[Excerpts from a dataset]

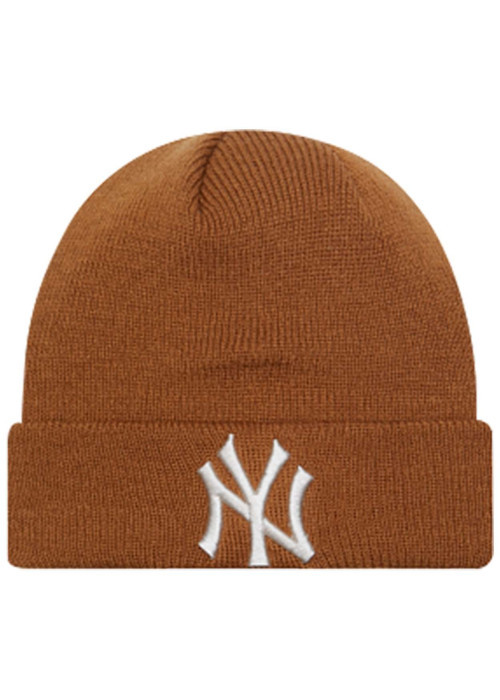 Bonnet rouille uni côtelé avec NY en blanc brodé sur le revers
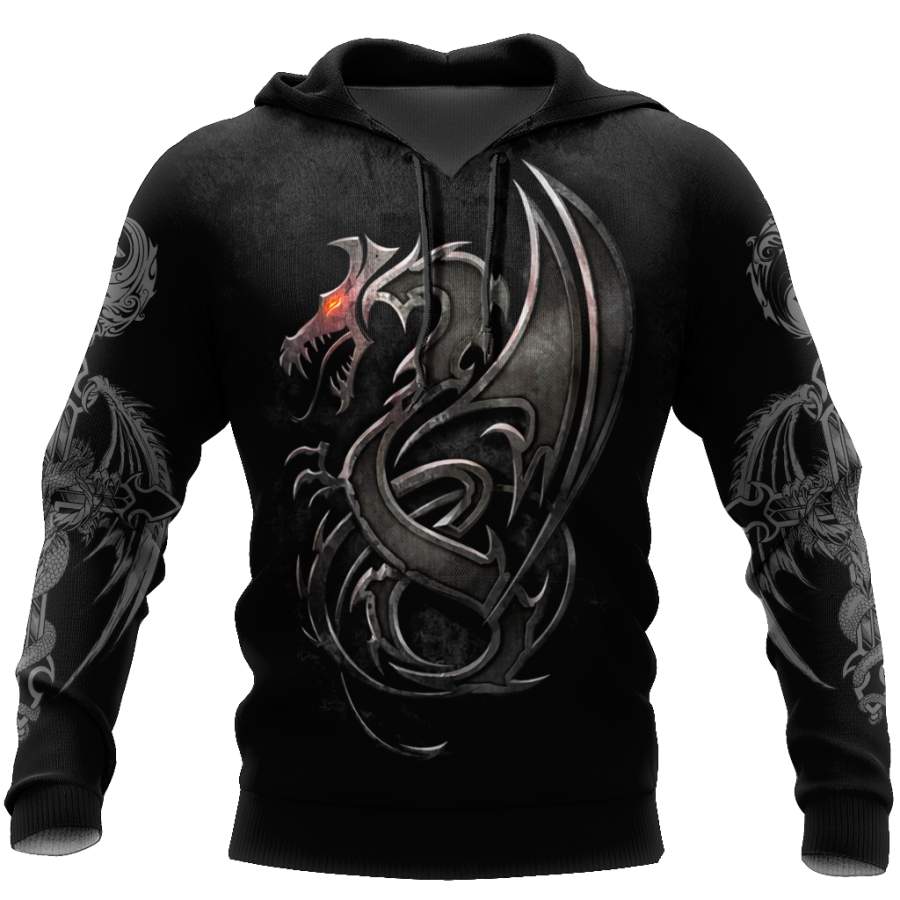 3D Armor Tattoo and Dungeon Dragon Hoodie HAC130102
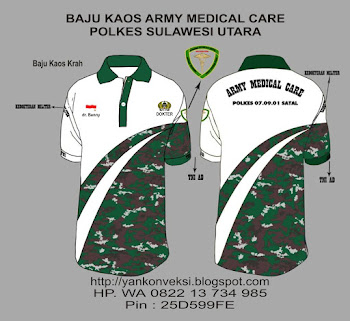 BAJU KAOS KERJA PESANAN ARMY MEDICAL CARE SULAWESI UTARA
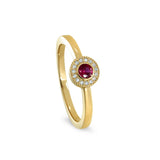 Gold Finish Sterling Silver Micropave Round Simulated Ruby Ring with Simulated Diamonds Size 7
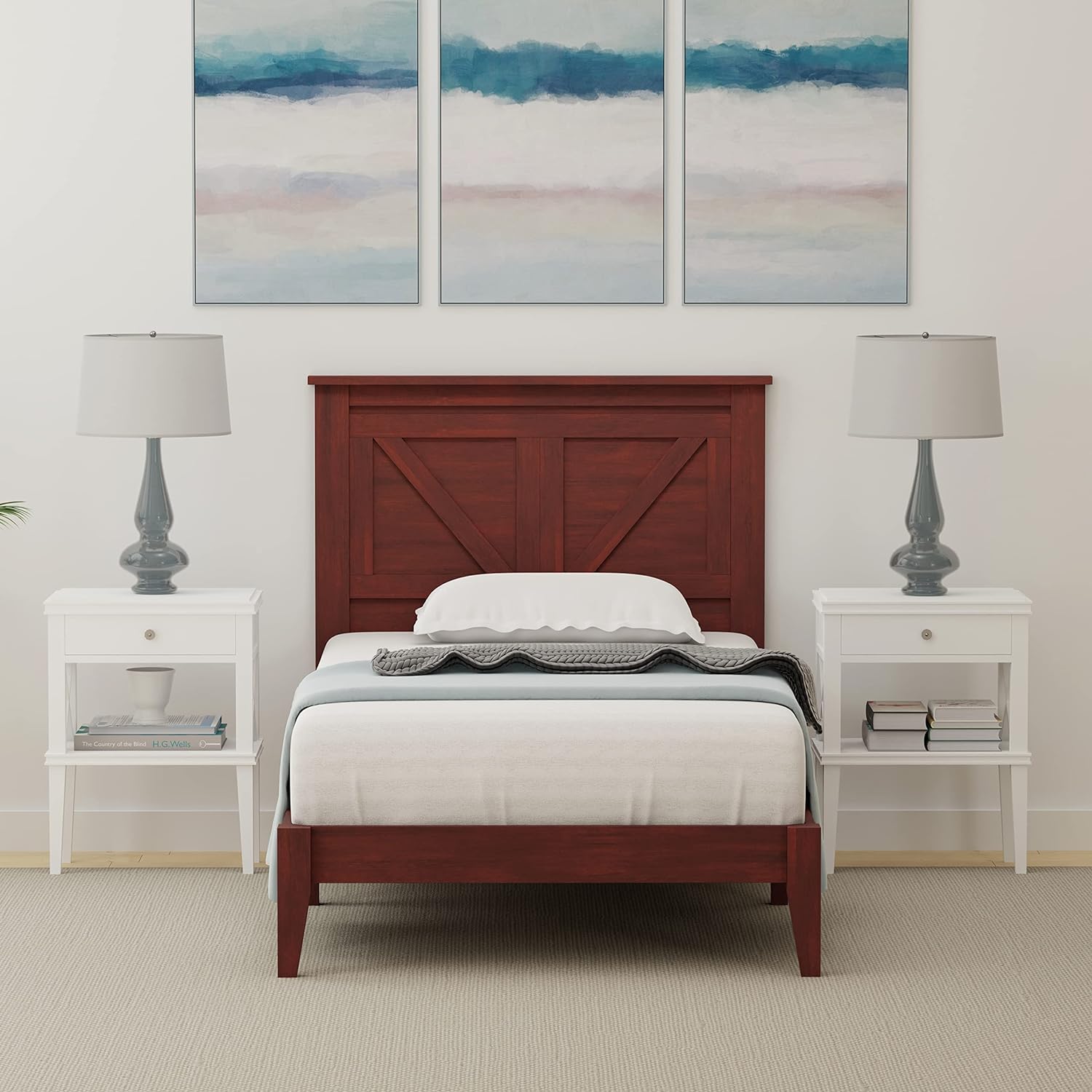 Farmhouse Solid Wood Platform Bed In - Classic Cherry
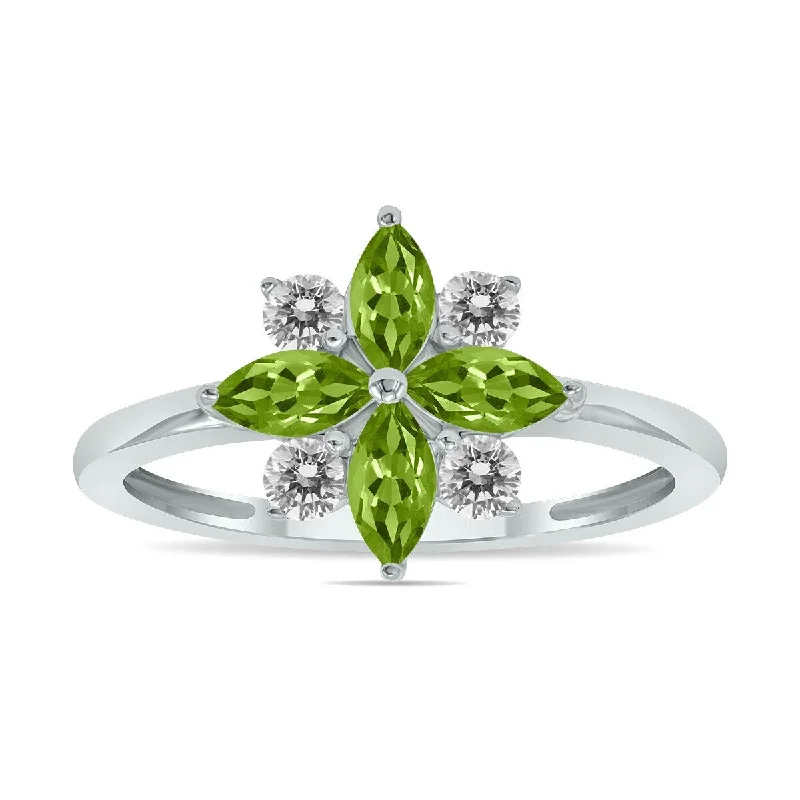 Marquee Jewels 3/4 Carat TW Peridot and Diamond Flower Ring in 10K White Gold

Action item =>
The images in the entries above should be left out; please reproduce exactly the lines from the first through the one containing "BAJU KAOS KERJA".

Final answer =>
 Bonnet rouille uni côtelé avec NY en blanc brodé sur le revers
 3D Armor Tattoo and Dungeon Dragon Hoodie HAC130102
 BAJU KAOS KERJA PESANAN ARMY MEDICAL CARE SULAWESI UTARA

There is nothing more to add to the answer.